When I arrived at Sheffield Hallam in 1993 I began, with Iain, to explore coatings with small additions of the rare earth material yttrium - using the new Arc Bond Sputtering technology as deposition method. These coatings turned out to be very hard and oxidation resistant up to 950°C, with extremely stable interfaces between the ceramic coating and the metallic substrate.

The next step was to find an industrial collaborator. Leading Sheffield cutting tool maker Hydra Tools International agreed to cooperate in the LINK Multicoat surface engineering project supported by the Engineering and Physical Sciences Research Council and the Department of Trade and Industry.

After three years of research and development a new coating dedicated for high-speed machining (HSM) was born and it proved extremely successful in trials. The HSM technique reduces machining costs so drastically that it enables manufacturers in industrial countries to achieve production costs competitive with those of low labour cost, low-overhead manufacturers in developing countries.
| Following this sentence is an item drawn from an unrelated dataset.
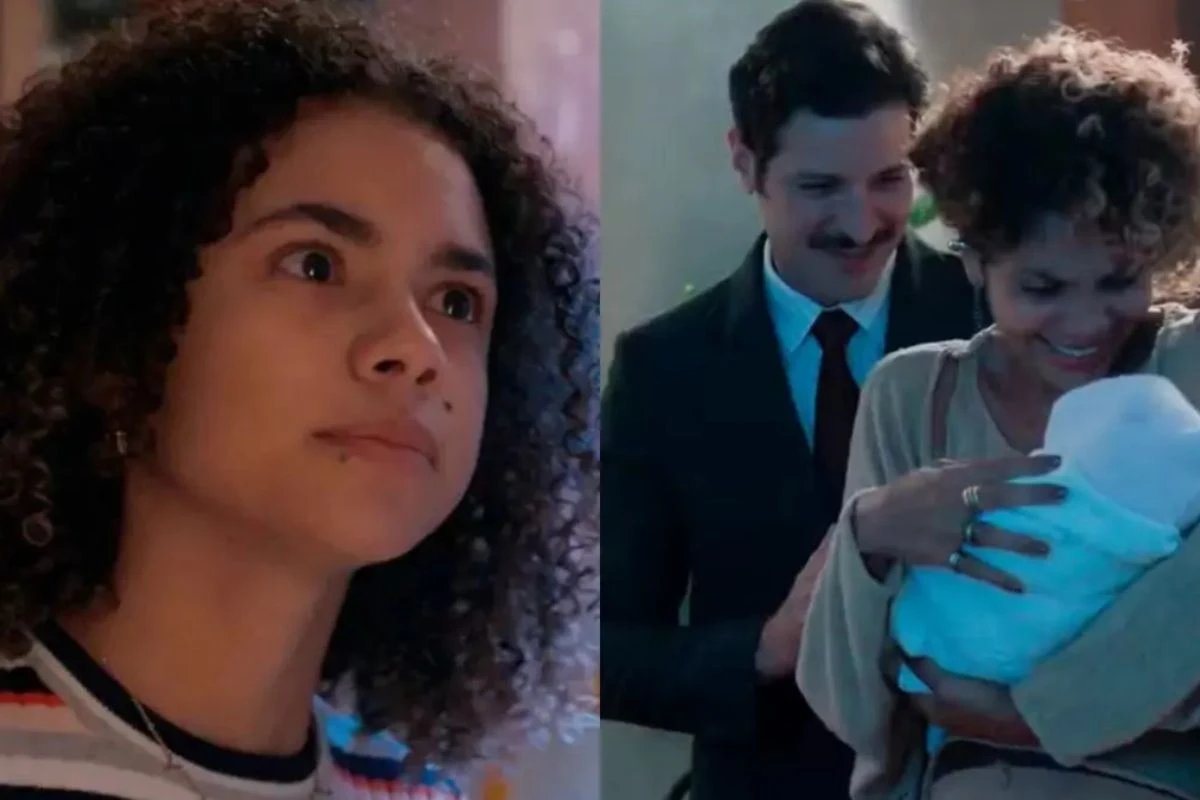 Tres Gracas Joelly deixa Lena ‘com as pernas quebradas ao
Recognising the commercial potential, Hydra Tools immediately went on to develop and market a new generation of milling cutters, the Whisper Mill range. This rapid appearance on the world market of products was made possible by the Materials Research Institute's advanced technical resources. A production sized PVD coating set-up permits large-scale process and product development, cutting out the time-consuming and costly scaling-up process that is usually unavoidable when technology transfers from academia to industry.

Next Bodycote Metal Technology stepped in. They suggested setting up a specialist company dedicated to commercialising the innovative coating products developed by Sheffield Hallam University.

The university agreed. After the success of more trials, Bodycote and the university founded a new company and set up a small factory near the university's City Campus.

Since 1998 the company has produced PVD coatings for the British tool industry, with the coating for the Whisper Mill range as its top product. Hydra Tools has gone on to become a market leader and its export rates have climbed to 80 per cent. Their customers include Daimler Chrysler and GEC Alstom.

We are involved in a number of new research projects, mainly supported by the European Union. New corrosion and wear resistant products based on the chemically extremely stable Niobium are likely to be on the market soon, for use in manufacturing applications including the textile and automotive industries.

Dieter Munz is professor of surface engineering at Sheffield Hallam University's materials research institute.